● DATA TO USE

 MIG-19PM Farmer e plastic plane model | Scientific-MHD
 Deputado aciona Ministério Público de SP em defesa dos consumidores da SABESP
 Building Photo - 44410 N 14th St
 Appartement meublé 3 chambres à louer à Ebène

---

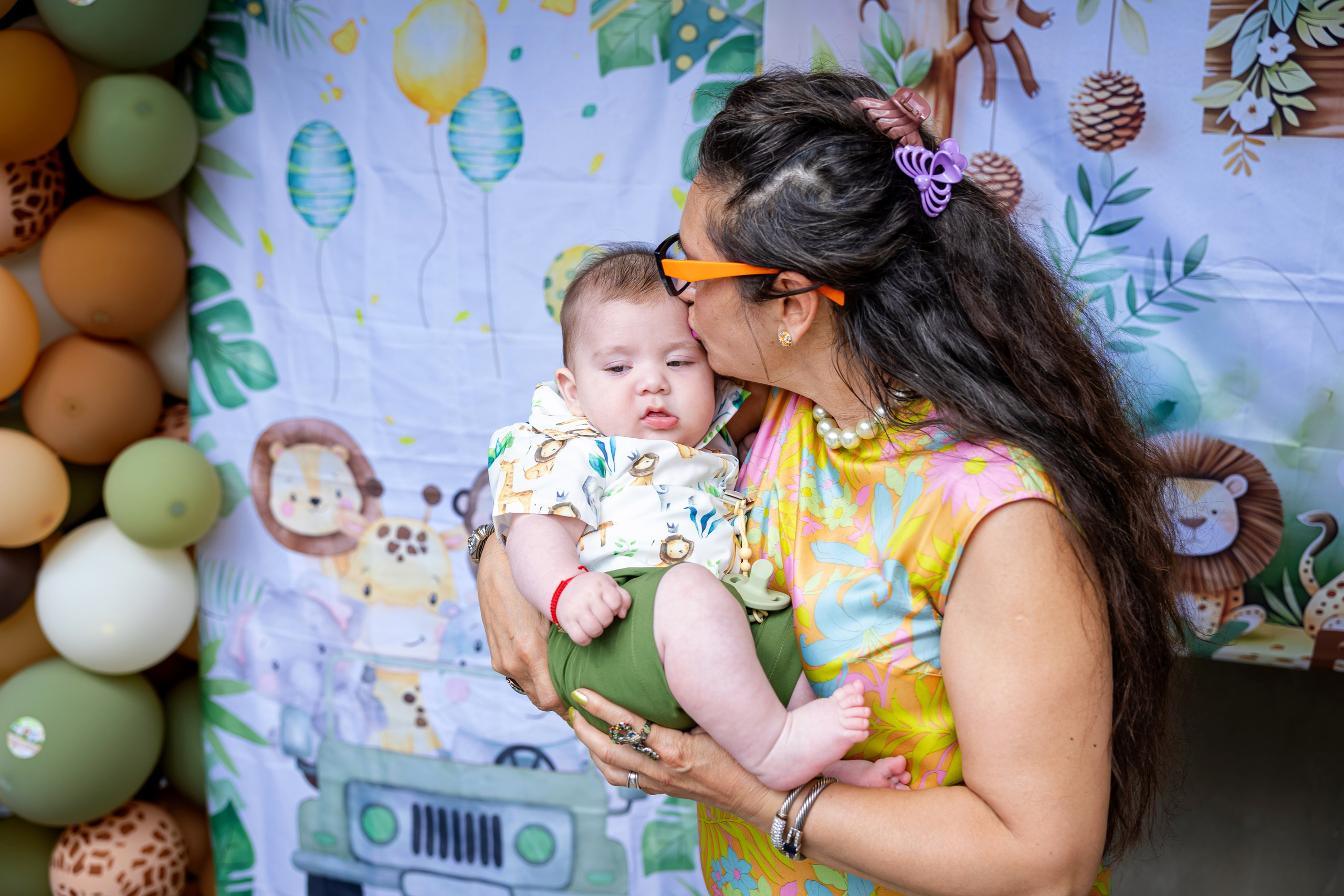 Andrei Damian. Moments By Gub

● PROBLEM TO SOLVE
Please copy, exactly and with nothing else, the lines above beginning at the line that has "MIG-19PM Farmer e" and ending with the line that has "Appartement meublé 3".

● TASK OUTPUT
 MIG-19PM Farmer e plastic plane model | Scientific-MHD
 Deputado aciona Ministério Público de SP em defesa dos consumidores da SABESP
 Building Photo - 44410 N 14th St
 Appartement meublé 3 chambres à louer à Ebène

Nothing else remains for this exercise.